Data for processing:
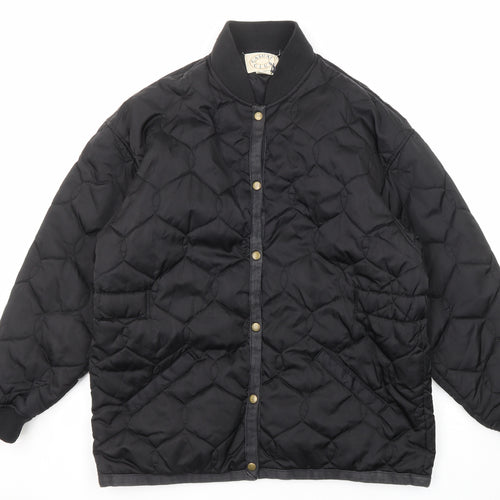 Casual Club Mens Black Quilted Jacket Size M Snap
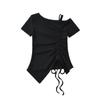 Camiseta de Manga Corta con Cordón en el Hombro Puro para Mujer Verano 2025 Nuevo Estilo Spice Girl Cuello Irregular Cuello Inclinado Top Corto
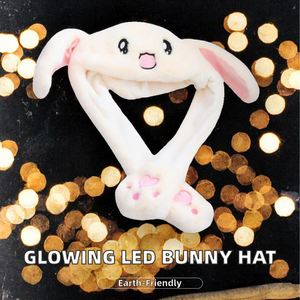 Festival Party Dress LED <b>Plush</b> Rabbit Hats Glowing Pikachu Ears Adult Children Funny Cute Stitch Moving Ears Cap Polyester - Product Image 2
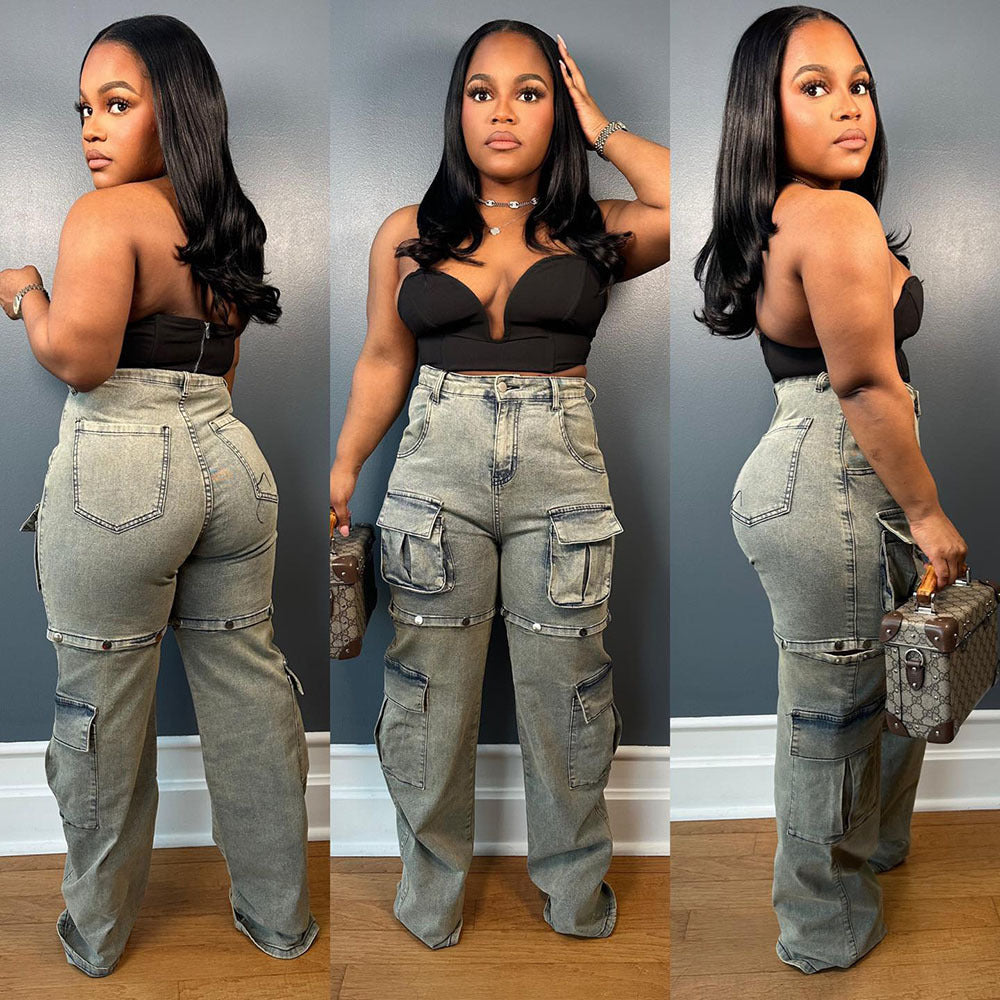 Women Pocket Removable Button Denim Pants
--
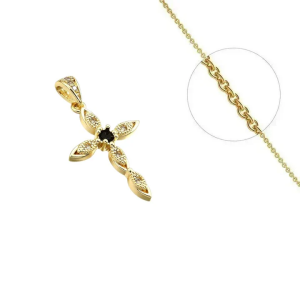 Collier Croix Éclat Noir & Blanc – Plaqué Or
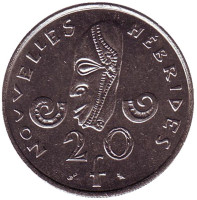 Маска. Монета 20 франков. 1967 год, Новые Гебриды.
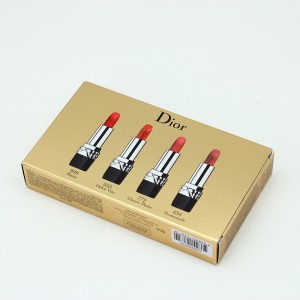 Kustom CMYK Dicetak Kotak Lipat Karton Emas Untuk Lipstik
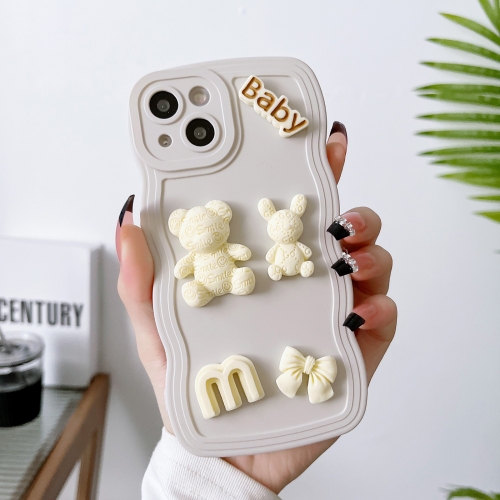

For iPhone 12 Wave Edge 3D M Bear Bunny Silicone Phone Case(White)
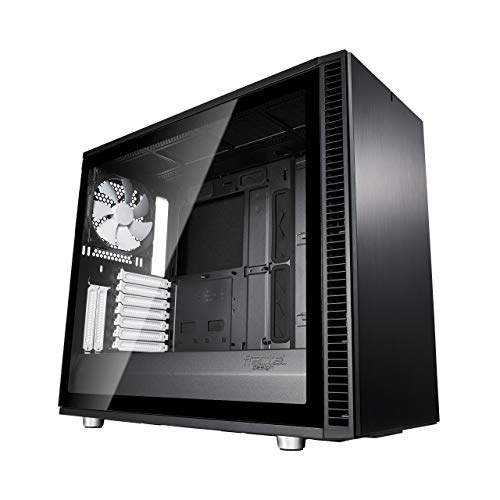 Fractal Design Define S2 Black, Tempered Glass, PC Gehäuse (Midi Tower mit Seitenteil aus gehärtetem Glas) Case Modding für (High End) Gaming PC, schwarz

Assignment:
Could you transcribe exactly the entries above, but only the lines from the one with "For iPhone 12" through the one with "Fractal Design Define", and without pictures?

Exercise answer:
For iPhone 12 Wave Edge 3D M Bear Bunny Silicone Phone Case(White)
 Fractal Design Define S2 Black, Tempered Glass, PC Gehäuse (Midi Tower mit Seitenteil aus gehärtetem Glas) Case Modding für (High End) Gaming PC, schwarz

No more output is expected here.